Later, after subjecting the smuggled rolls of film to careful scrutiny, Howard Chapnick — a leading arbiter of photojournalism — noted the photos indeed showed Baughman “working candidly in tight, economical bursts of two or three frames at a time … nothing about them suggested that the situations had been manipulated or staged … It becomes increasingly clear that the Baughman affair has been badly handled.”

Baughman wrote:

Regarding all those “unresolved doubts” about the authenticity of the images, suffice it to say that the primary critics from the Overseas Press Club judging committee finally apologized to me, and even John Durniak of Time and Arthur Rothstein of Parade magazine went on to hire me for several important assignments in the following years. The best absolution came when Sgt. Bruce Moore-King, a principal non-commissioned officer in my Rhodesian Grey’s Scouts report, confessed to committing the same kinds of torture and atrocities in his own autobiography White Man/Black War.

Chapnick concluded:

It becomes increasingly clear that the Baughman affair has been badly handled. A saddened Art Rothstein reflectively comments that ‘if Ross Baughman has been unjustly and unfairly accused and his reputation damaged in any way, I would like to see him vindicated. If there was injustice, it resulted from the conditions under which the photographs were submitted, the lack of information, and the fact that Baughman was unavailable to talk to… If in any way I was part of this injustice, I feel very badly about it.
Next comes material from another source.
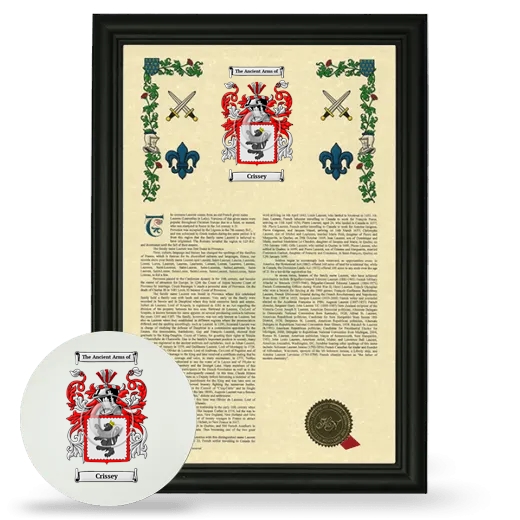 Crissey Framed Armorial History and Mouse Pad - Black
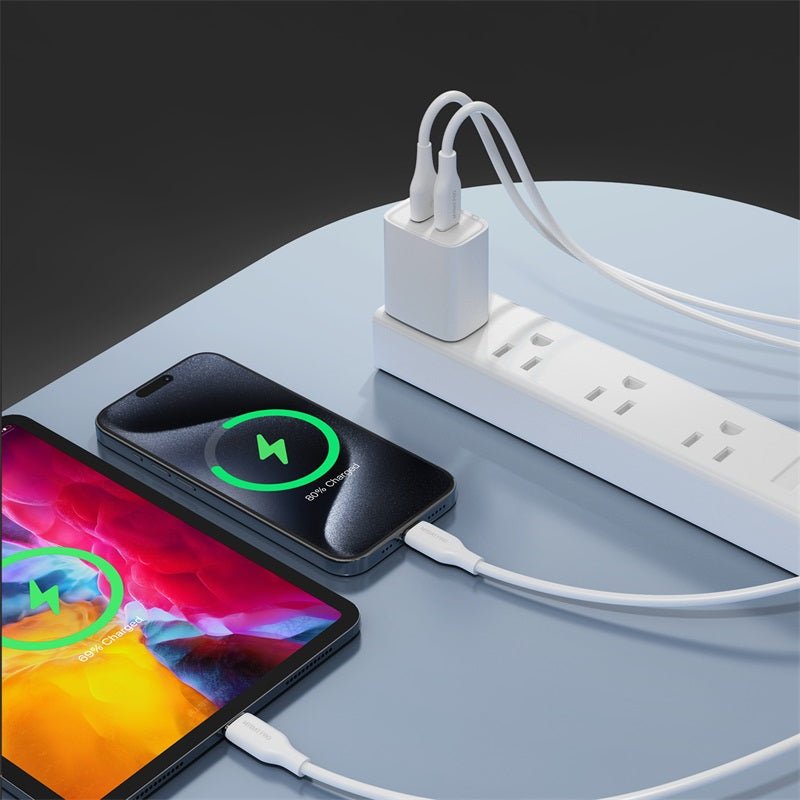 FDN 20W Dual - Port Wall Charger (USB - C + USB - A) - White - MyBat Pro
‘In retrospect,’ says John Morris, ‘I feel that Ross Baughman was unfairly treated by the Overseas Press Club jury. We simply did not have all the facts, but I’m not sure that excuses us.’

Maybe we can learn something from this experience to apply to future contest judging. Taking the time for further investigation might have provided the answers to the ‘unsolved questions’ which troubled the Overseas Press Club jury. The price for a precipitous rush to judgment can be too high. It certainly was for Ross Baughman.

I think there was some lesson to be learnt here, especially in our quick-to-judge culture of today.

007-005 Rhodesia - Lieutenant with Bat & Prisoner (Pulitzer) v2
A young Rhodesian lieutenant holding a bat he used to interrogate politician Moffat Ncube (shown unconscious in the background)

… oh, and sorry for f**king things up first time around and thank you for correcting me, Mr. Baughman.

Further Reading: Howard Chapnick. “Behind the Pulitzer Prize controversy”. Popular Photography, June,1979; Charles Rotkin. “A Puzzle for the Press Club”. News Photographer, June, 1978.

*(John Filo was still a student and an amateur photographer when he won the Pulitzer for his Kent State photo).